Just playing with u guys , no need to get ur feathers ruffled.


----------



## SHampton (Apr 20, 2012)

It's different on every stand. Every coyote is different. You've got to remember that these stands are the ones out of about 75 or more. We don't get dog work every time. The injuries to the dogs are minimal.


----------



## fur-n-dirt (Aug 26, 2012)

No Koolaid said:


> Just playing with u guys , no need to get ur feathers ruffled.


Stonegod , is that u? Lol


----------



## jglynn (Aug 2, 2012)

people do it different ways. us at KoolAid usually setup a calling stand and call in a coyote. the dogs usually see the coyote first and run at them challenging them. other times the coyote sees the dogs 1st and comes to run them out of their territory. either way, after they go back and forth, they usually get very vocal which at the right times, brings in more coyotes. some dogs will chase a single coyote a mile away back to the whole pack and bring the whole pack back. it is different every time. as you can see on on of the videos, they dont run off very far after you start shooting. that lets us take care of alot of coyotes in a shorter amount of time and stands.

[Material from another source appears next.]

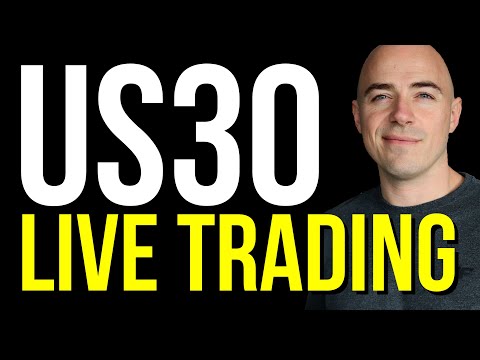 US30 Live Trading Session - Funded Account Challenge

hope this helps and sorry for flying off the handle earlier.lol. we catch alot of crap over these dogs and it gets to us sometimes.

there is alot more to it then what i posted but that is the general idea.


----------



## Caleb Wilson (Aug 10, 2012)

What is illegal in Ohio Stonegod? My dog Chip had no training to make him aggressive or anything else for that matter. I started taking him hunting about the first of June and he went to the first coyote i ever called in front of him and every one he has seen since. Its just his nature. As Scott stated you can't make a dog do that and there's alot of guys that's tried to make alot of dogs do it and came up empty on it. I have a dog thats not near as aggressive too and really like one of each. My feelings weren't hurt by your comment and i just figured you were uneducated to what was goin on so no hard feelings here.
That bein said we as hunters don't need to out anyone's way of hunting as long as its legal. We must stick together. Ive learned if you don't like something just move on and let it be. Just my thoughts


----------



## fur-n-dirt (Aug 26, 2012)

jglynn said:


> people do it different ways. us at KoolAid usually setup a calling stand and call in a coyote. the dogs usually see the coyote first and run at them challenging them. other times the coyote sees the dogs 1st and comes to run them out of their territory. either way, after they go back and forth, they usually get very vocal which at the right times, brings in more coyotes. some dogs will chase a single coyote a mile away back to the whole pack and bring the whole pack back. it is different every time. as you can see on on of the videos, they dont run off very far after you start shooting. that lets us take care of alot of coyotes in a shorter amount of time and stands.
> 
> hope this helps and sorry for flying off the handle earlier.lol. we catch alot of crap over these dogs and it gets to us sometimes.
> 
> there is alot more to it then what i posted but that is the general idea.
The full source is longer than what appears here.